=== Material to process ===

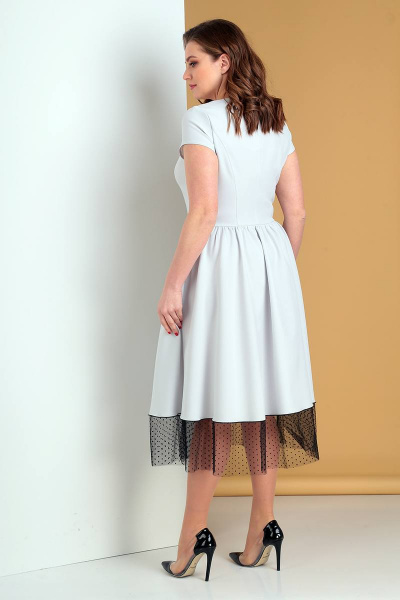 Серое летнее платье длиной 120 см для повседневных образов Liona Style 688 жемчуг - фото 3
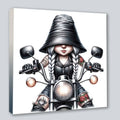 Wandbild Bikergirl Gnom 6 Kunstdruck auf Leinwand direkt zum Aufhängen | Wandbild Galerie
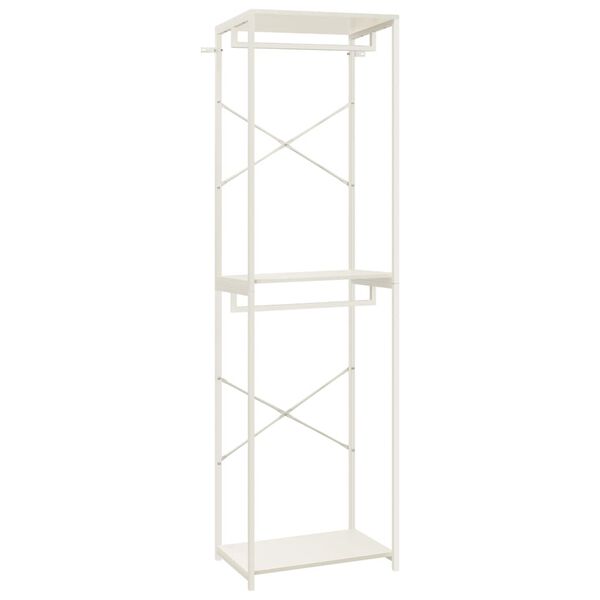 vidaXL Drabužių spinta, baltos spalvos, 60x40x213cm, metalas ir MDP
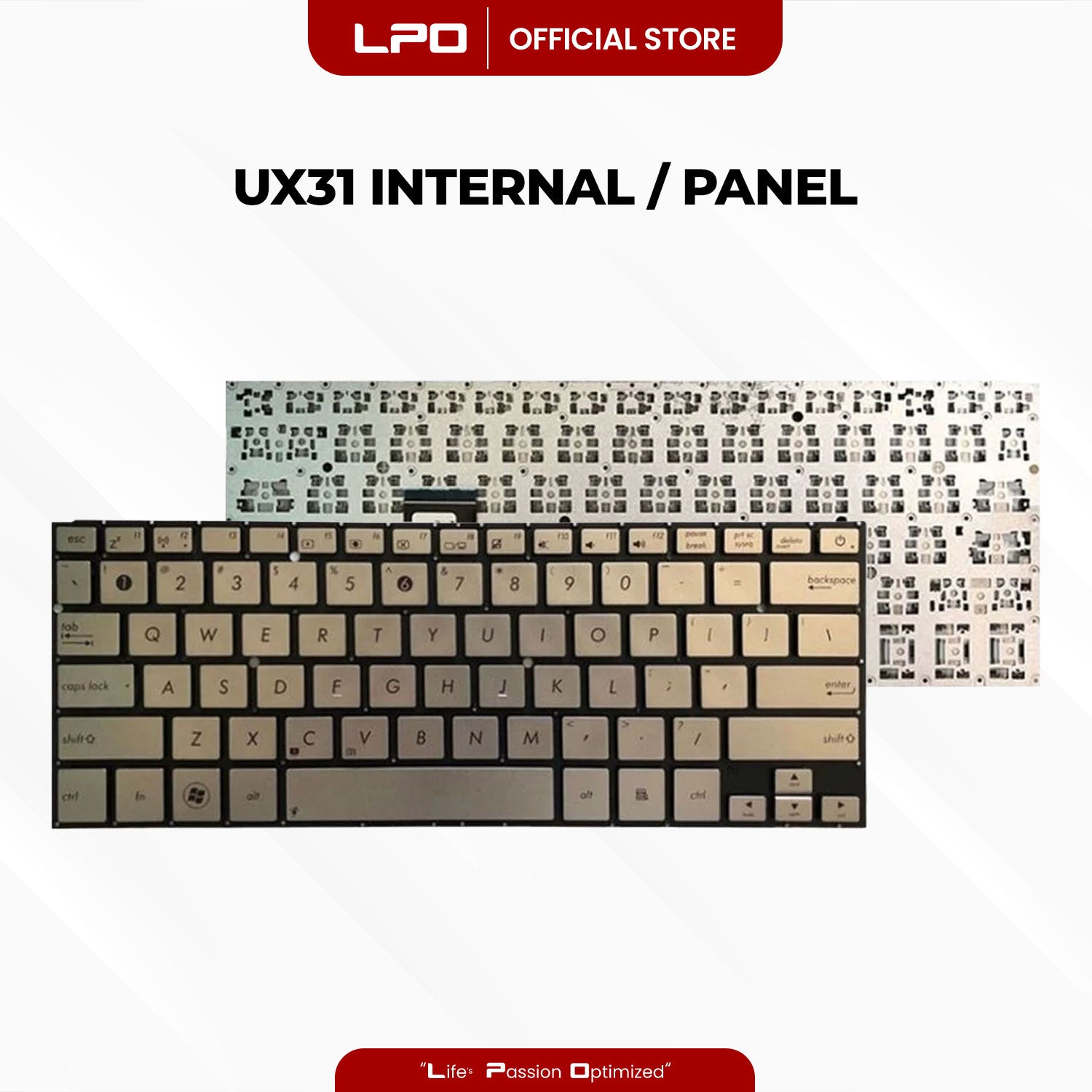 Laptop Keyboard ASUS UX31 Internal / Panel SILVER US Compatible with Asus UX31E UX31A UX31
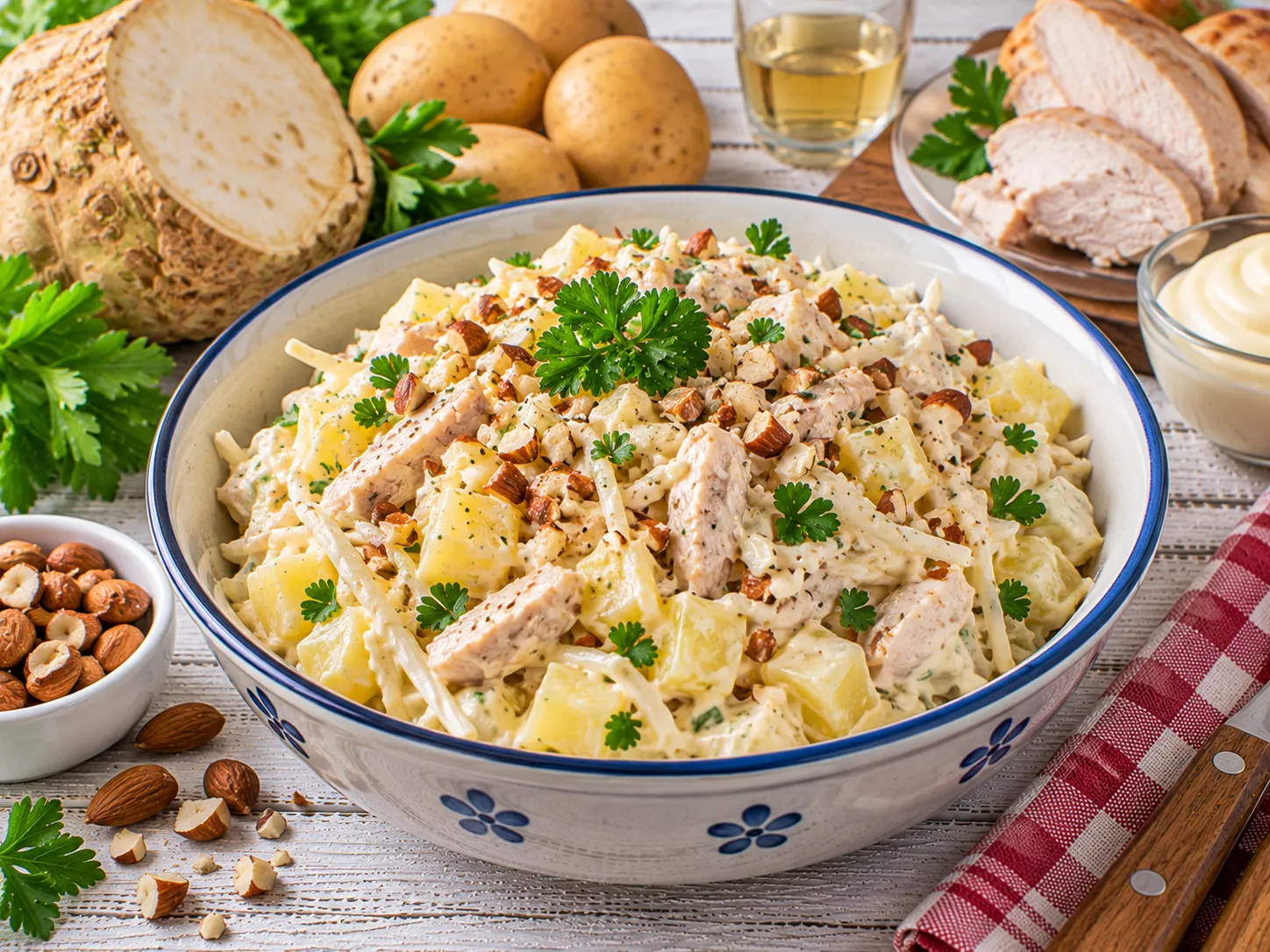 Cremiger Farmersalat mit Geflügel, Sellerie und Kartoffeln.
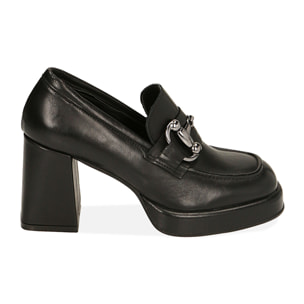 Mocasines plataforma negros en piel, tacón 8,5 cm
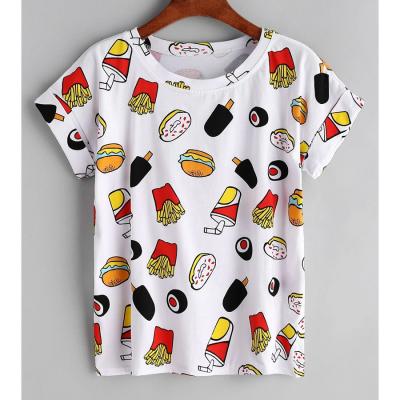 China Breathable Women's T-shirt Custom Print Cotton White All Over Print Cuffed T Shirt For Women for sale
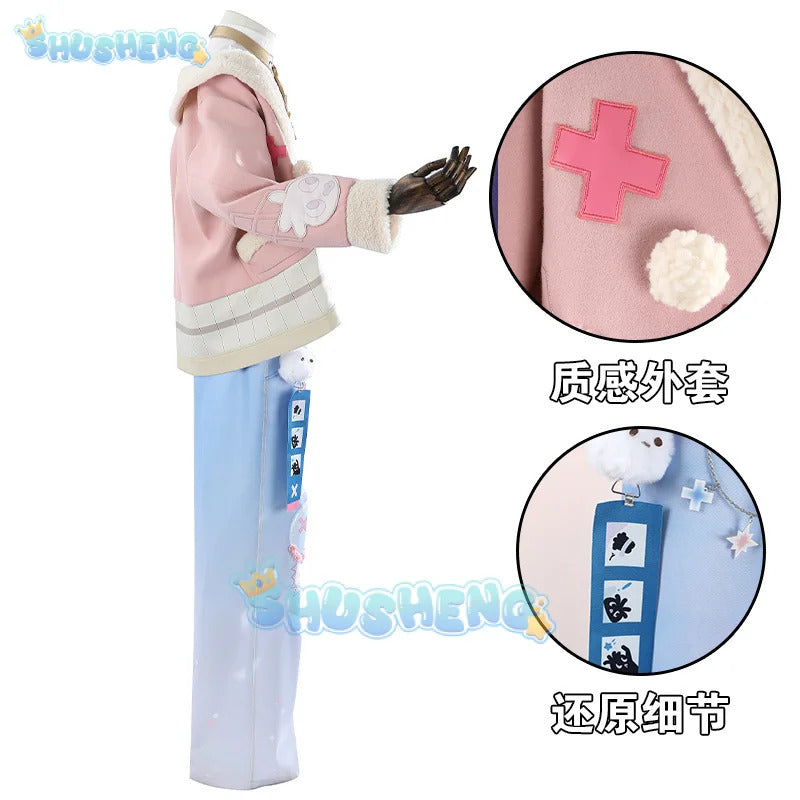 Game Nu:Carnival Blade Cosplay Costume Uniform Halloween Carnival Party Christmas Play Role Pink Coat Pants Hat Full Set for Men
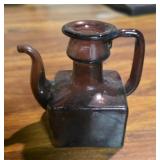 Small Brown Glass Pitcher with Handle and Spout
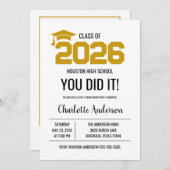 Gold You Did It Graduation Photo Kaart (Voorkant / Achterkant)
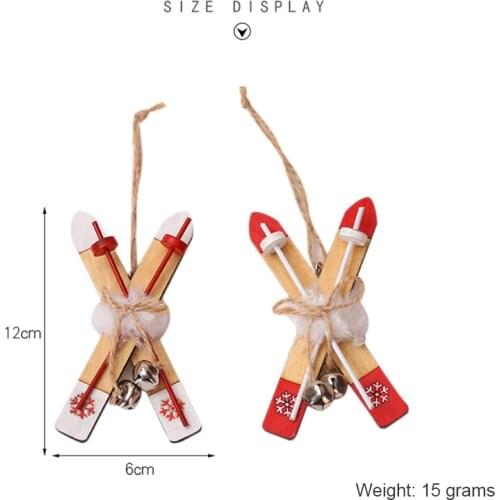 HOT 1Pcs Wooden Sleigh With Rope And Bells Xmas Tree Hanging Ornament Christmas Label Pendant Holiday Party Decorations Supplies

===

The copy must begin with the line containing "China Breathable Women's", end with the last line of the material, match each line exactly, and hold no pictures.

 China Breathable Women's T-shirt Custom Print Cotton White All Over Print Cuffed T Shirt For Women for sale
 Game Nu:Carnival Blade Cosplay Costume Uniform Halloween Carnival Party Christmas Play Role Pink Coat Pants Hat Full Set for Men
 Small Brown Glass Pitcher with Handle and Spout
 Gold You Did It Graduation Photo Kaart (Voorkant / Achterkant)
 HOT 1Pcs Wooden Sleigh With Rope And Bells Xmas Tree Hanging Ornament Christmas Label Pendant Holiday Party Decorations Supplies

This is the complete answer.